To Damrosch’s credit he does not purport to be offering any sort of canon. He makes clear that the selections are his own, and that someone else would have made a different set of choices.
Like Phileas Fogg, Damrosch starts in London, and like Fogg he travels east to west. In London he discusses Virginia Woolf, Charles Dickens, and Arthur Conan Doyle. Interestingly, his selection for Doyle is The Complete Sherlock Holmes. I still have the copy of that two-volume set that I got when I was a youngster.
From London he travels, as it were, to Paris and then to Kraków, Poland. From there he visits Venice, where he offers an interesting selection: the writing of Marco Polo, Dante with his Divine Comedy, and Boccaccio’s Decameron (a book that has resonance for today with its tales told in a plague world). He also writes about Italo Calvino’s Invisible Cities, but before that discusses By Its Cover written by contemporary expatriate mystery writer Donna Leon.
I won’t mention all of his other stops, but Damrosch covers the Middle East, Africa, China, and Japan. From Japan he moves on to South America, where he interestingly writes about Candide by Voltaire and Utopia by Thomas More, two European authors. His rationale is that the action in these two books took place in South America. In his discussion of Candide, Damrosch oddly fails to mention Dr. Pangloss, whose optimistic philosophy is central to the book’s theme. At the book’s end, where the characters choose to settle down in their own corner of the world, they say, you will recall, “We must cultivate our garden.” Damrosch italicizes “our,” saying “Our life’s path… is a social rather than an individualistic imperative.” I haven’t read Candide since high school, but I have always clearly taken that phrase to say that we should stop trying to fix the larger world and do what we can with our own small space. It is an individual, nuclear family, or small group endeavor, not a social expectation.

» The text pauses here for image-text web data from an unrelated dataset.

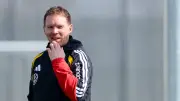 Nur noch drei Plätze offen: Nagelsmanns WM-Elf nimmt Form an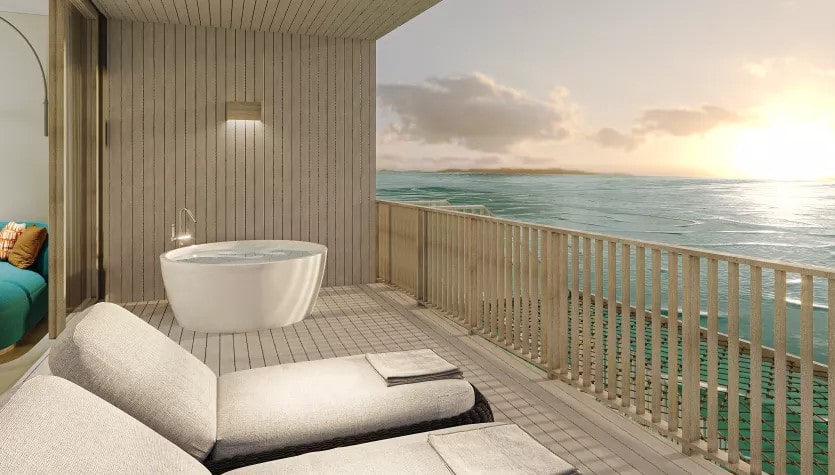 overwater-sunrise-villa-with-jacuzzi
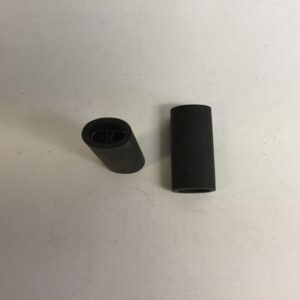 Connector and Sleeve Assembly – 4 way (pair)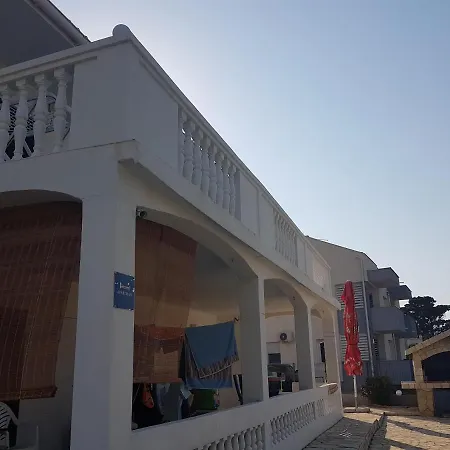 아파트 D&d 파그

Damrosch then goes on to Mexico and the Antilles in the Caribbean. From there he makes a big jump to Bar Harbor, Maine where he spent his earliest years and then to New York City where his family moved while he was still in elementary school.
In the New York chapter he writes about one of my favorite childhood books, A Wrinkle in Time, by Madeleine L’Engle. Damrosch describes how L’Engle was living in New York at the time and he not only met her, but she personally gave him a copy of the book. Damrosch and I are the same age and I admit to being jealous.
Although he includes Tolkien’s Lord of the Rings in the New York section, Damrosch writes, “Our own imagined journey reaches its end, as we return to England with our eightieth book.” A good place to finish the journey, indeed.
There are omissions in Damrosch’s list from my perspective. He completely ignores California, the Midwest, and the American South. There are certainly many West Coast authors he could have included, and what about Mark Twain in the Midwest (I still have The Complete Novels of Mark Twain from my childhood) and Faulkner for the South?
Still, Damrosch delivers an engaging survey and many of his eighty books are no doubt well worth reading or re-reading.